Data records:
----------

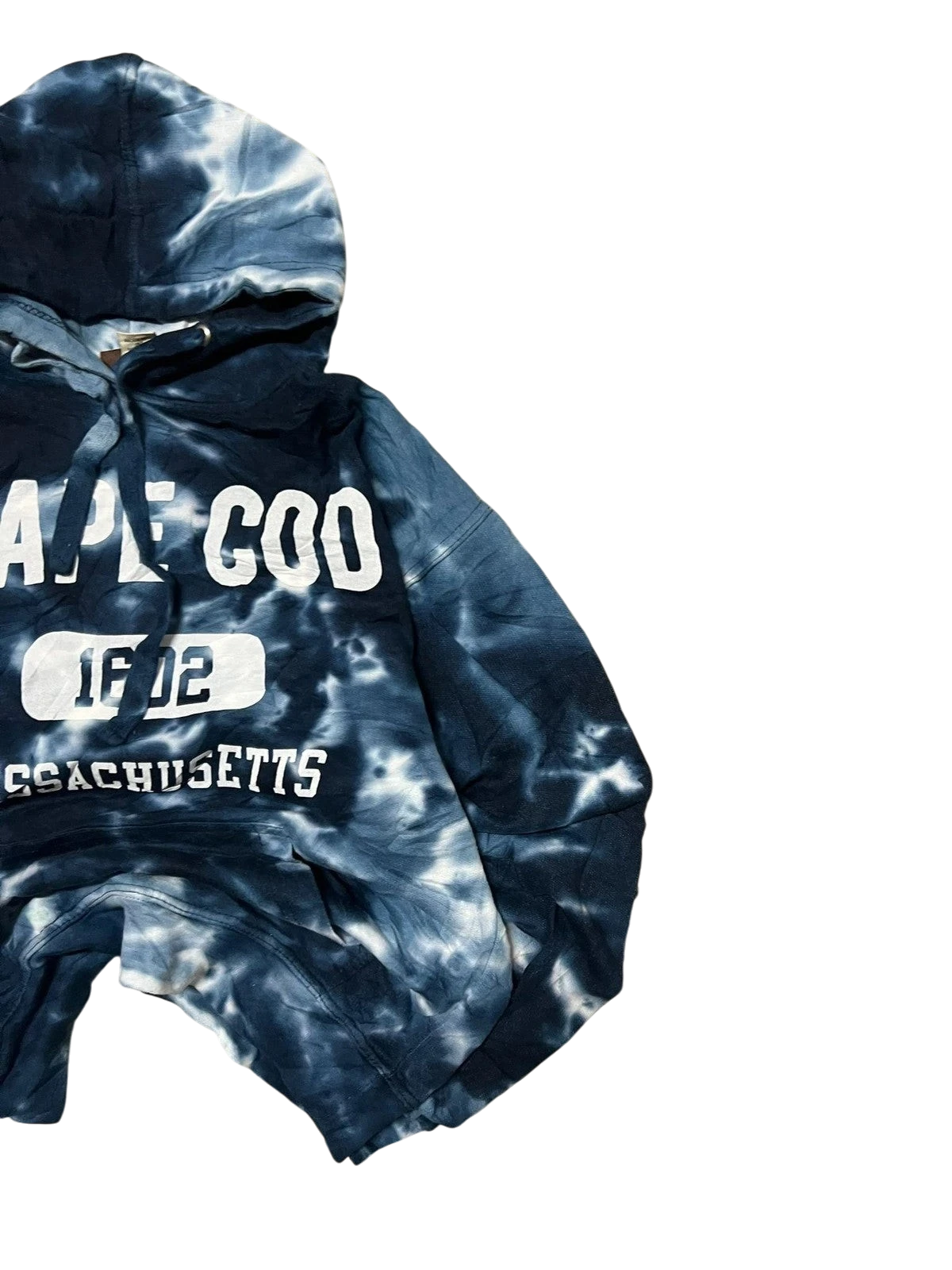 Premier Vintage blue and white tie-dye hoodie with "Cape Cod, Massachusetts" graphic. Cotton blend.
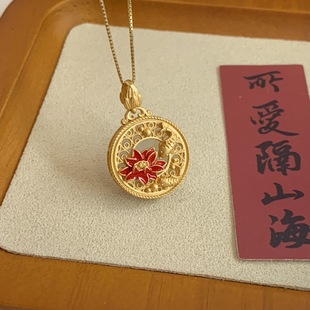 Jade Lotus Fish Necklace for Women Popular Light Luxury Accessory Hetian Jade Pendant Collarbone Chain Jewelry Pure Silver Versatile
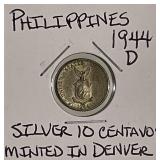 Silver 1944D Philippines 10c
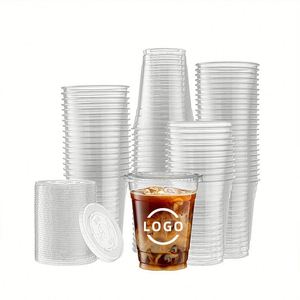 Gobelet en plastique transparent pour boissons froides, café, bière à emporter, smoothies, avec logo personnalisé imprimé, 98 mm, 8 oz, 9 oz, 10 oz, 12 oz, 16 oz, 20 oz, 24 oz - Product Image 1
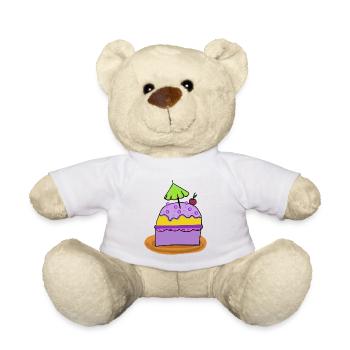 Birthday Muffin Cake Kids Child - Teddy Bear - white - Front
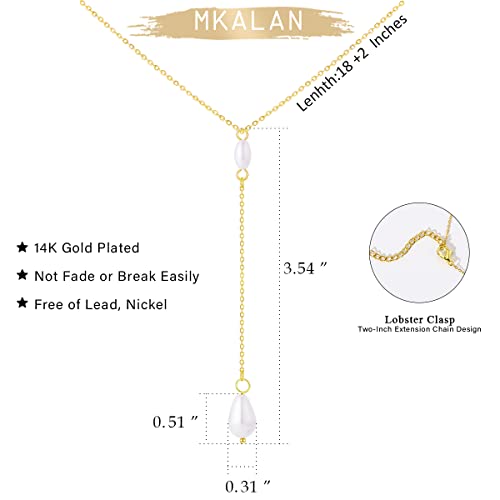 Pearl Necklaces for Women,14K Real Gold Plated Dainty Cute Pearl Necklace for Women Handmade Pearl Chain Necklace Everyday Jewelry Gift - color: Y Style-Two Pearl-Gold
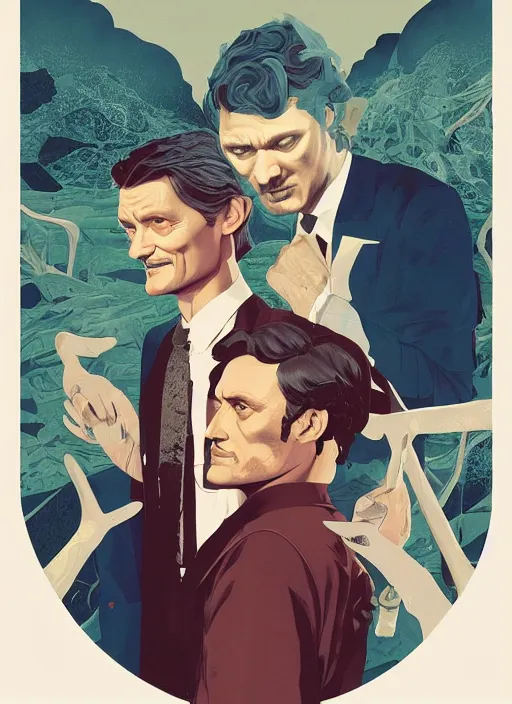 Prompt: poster artwork by Michael Whelan, Bob Larkin and Tomer Hanuka, Karol Bak of portrait of Hugh Dancy & Mads Mikkelsen arm around each other, chaperoning the school dance, from scene from Twin Peaks, simple illustration, domestic, nostalgic, from scene from Twin Peaks, clean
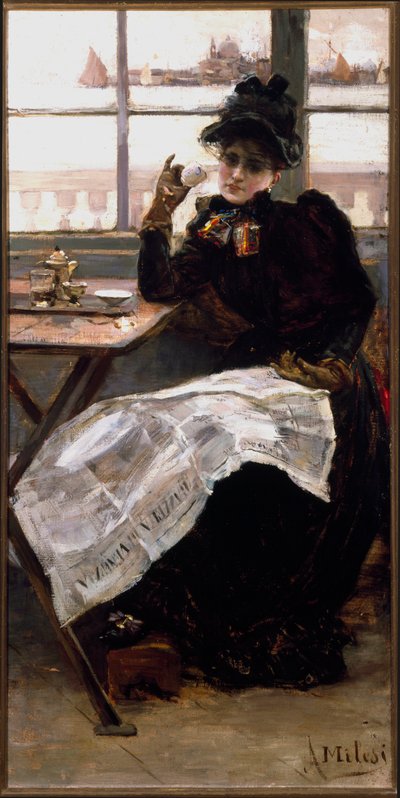 Una mujer de negro, leyendo el periódico, tomando una taza de café en un bistró de Alessandro Milesi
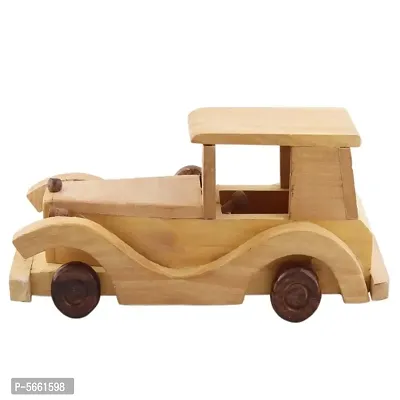 Wooden Classical Vintage Roof Car Jeep Moving Toy-thumb3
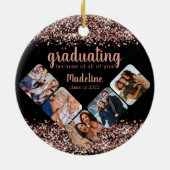 バラ金ゴールドグリッターのためにあなた5つの写真の卒業生 セラミックオーナメント (裏面)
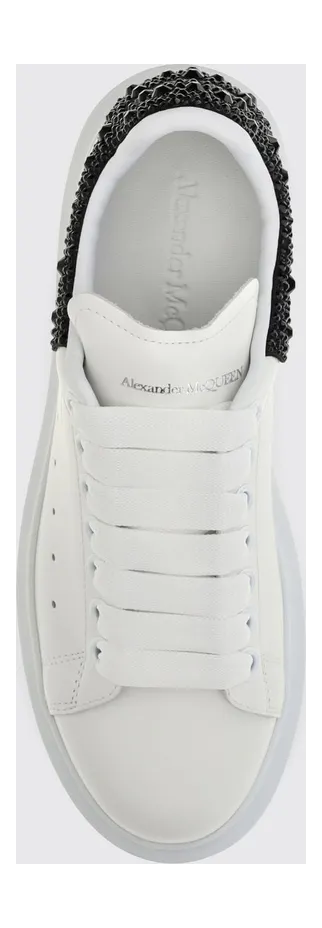Mcqueen Oversize Crystal-Embroidered Leather Sneakers with Chunky Sole Earth (666407WIAK29581) (3)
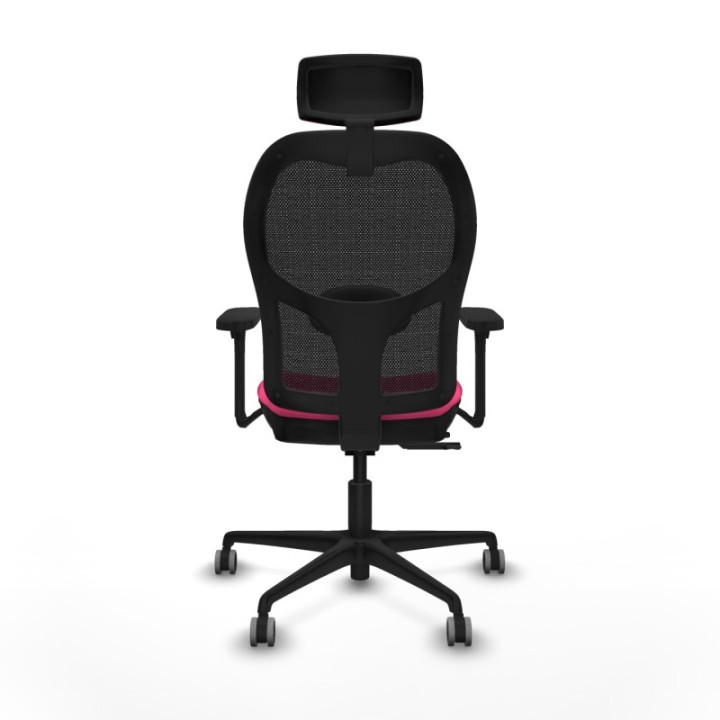 Jorquera traslack malla negra similpiel rosa brazos 3D base nailon cabecero 2D ruedas 65mm engomada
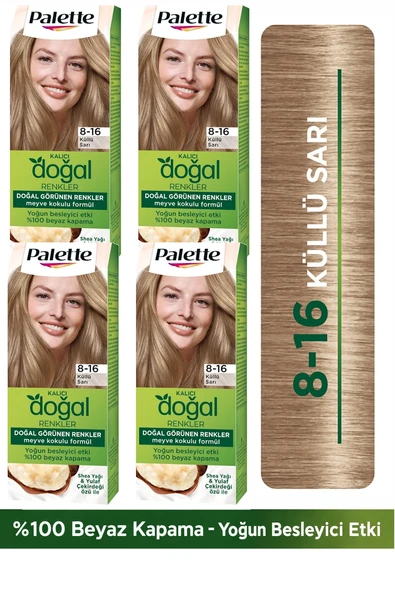 Palette Kalıcı Doğal Renkler 8-16 Küllü Sarı Saç Boyası 4'lü Paket ürün görseli 1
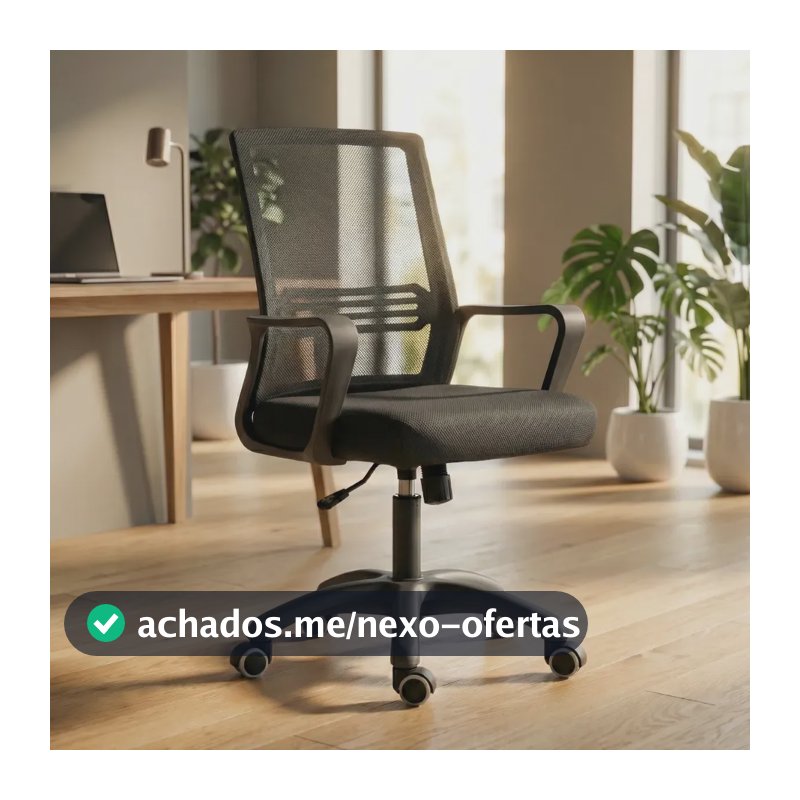 Cadeira Escritório Astrella Vega Ergonômica E Giratória Preto Malha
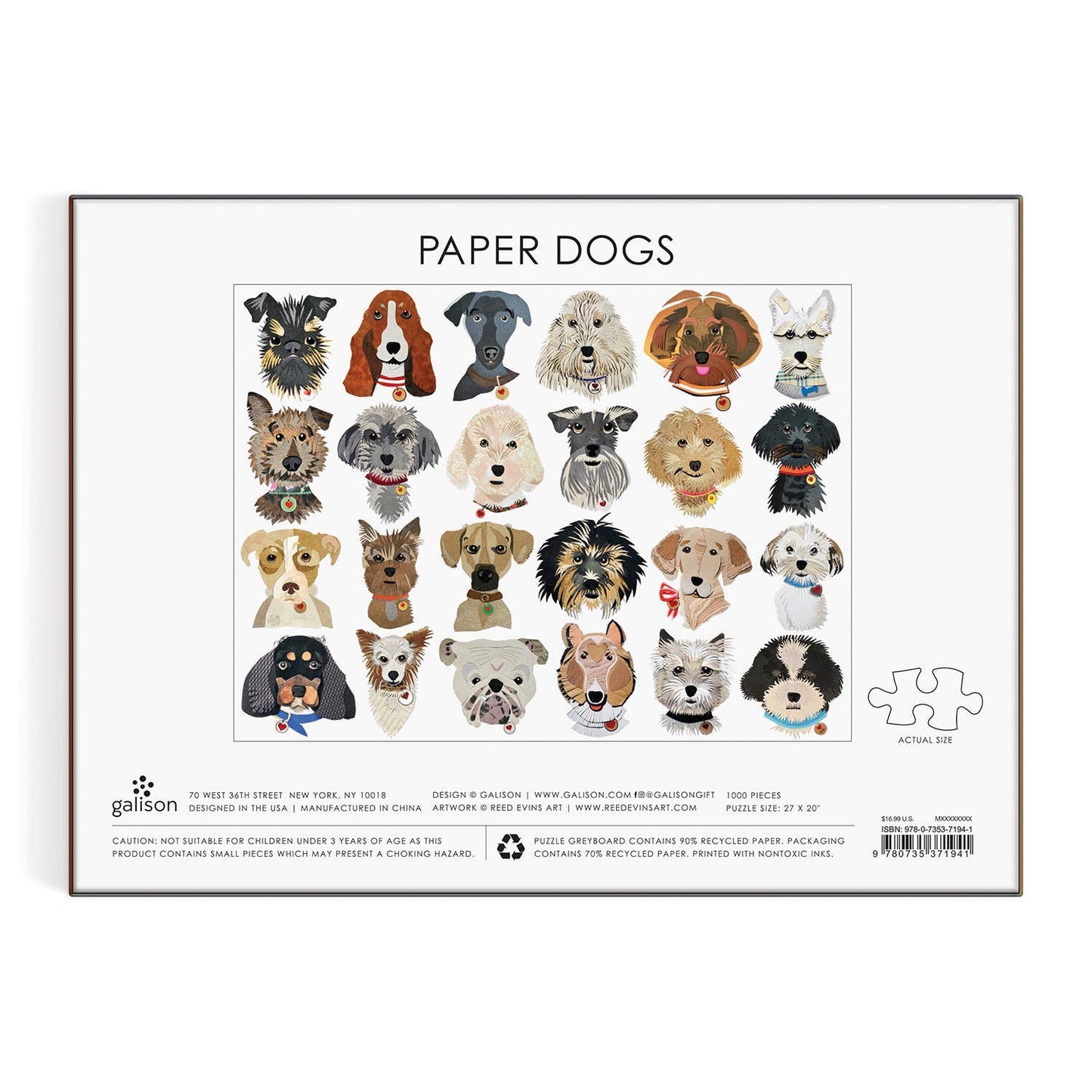 Paper Dogs 1000 Piece Puzzle - Chronicle Books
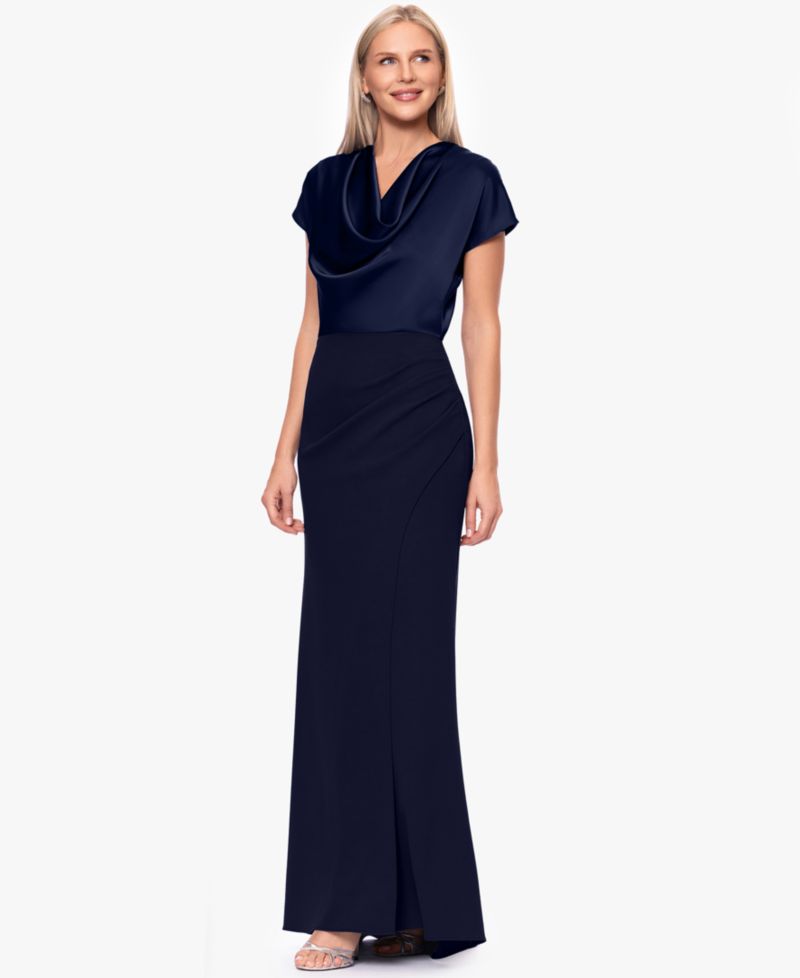 Petite Cowl Neck Long Ball Gown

----------

Exercise details:
The lines to copy exactly start with the line above that has "Una mujer de" and go on through the line that has "Mcqueen Oversize Crystal-Embroidered"; please include both, add nothing else, and omit the pictures.

Solution:
 Una mujer de negro, leyendo el periódico, tomando una taza de café en un bistró de Alessandro Milesi
 Wooden Classical Vintage Roof Car Jeep Moving Toy-thumb3
 バラ金ゴールドグリッターのためにあなた5つの写真の卒業生 セラミックオーナメント (裏面)
Mcqueen Oversize Crystal-Embroidered Leather Sneakers with Chunky Sole Earth (666407WIAK29581) (3)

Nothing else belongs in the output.